Plus, there are liability issues for business owners, says Andrew Langer, manager of regulatory policy for the National Federation of Independent Business, a small-business advocacy group. "If someone starts shooting up heroin and the cops bust in, theoretically, you could be liable," he says. "In the end, it should not be left to the states to decide what is best for the small-business owner. It should be up to the small-business owner."

The issue of public-toilet access isn't clear-cut. For starters, states issue codes of many types, plumbing included. But while some states mandate that all of their jurisdictions adopt the state version of code, others let municipalities go their own way. Regardless, code is always enforced at the local level, where building officials vary in how they interpret a code's intention. What's more, codes have changed through the years and are not retroactive, which means different businesses in the same town may be subject to different requirements.

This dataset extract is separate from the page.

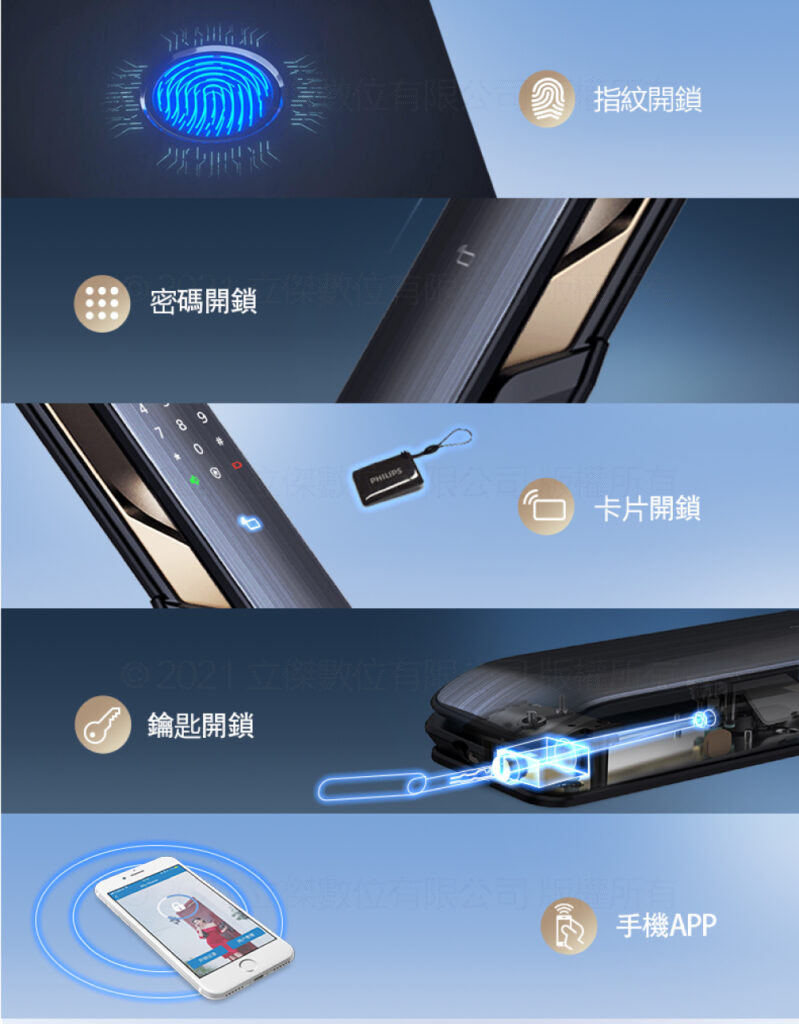 Q：電子鎖是什麼?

New York City, for instance, currently adheres to a plumbing code adopted in 1968. The 1968 city code sets out toilet-facility requirements based on general occupancy levels for public buildings, including mercantile establishments. But city officials say they do not interpret that to mean every business must let anyone use their toilet facilities.

"We look at the functionality of the business and the intent of time spent there by customers," says James P. Colgate, executive architect at the New York City Department of Buildings. A clothing store, souvenir shop, jeweler or take-out deli would not have to let a customer use their bathroom under the city's interpretation, he says, while a restaurant or Barnes & Noble with a cafe and sit

down tables would, because food and drink are served there. "No one's ever questioned me, and that's the way it's always been," he says.

However, New York City is now considering adopting a version of the state's plumbing code, which includes language clearly stating that: "Customers, patrons and visitors shall be provided with public toilet facilities in structures and tenant spaces intended for public utilization." If it passes, Mr. Colgate says, all merchants in spaces built to that code could have to comply, depending on how the provision is interpreted.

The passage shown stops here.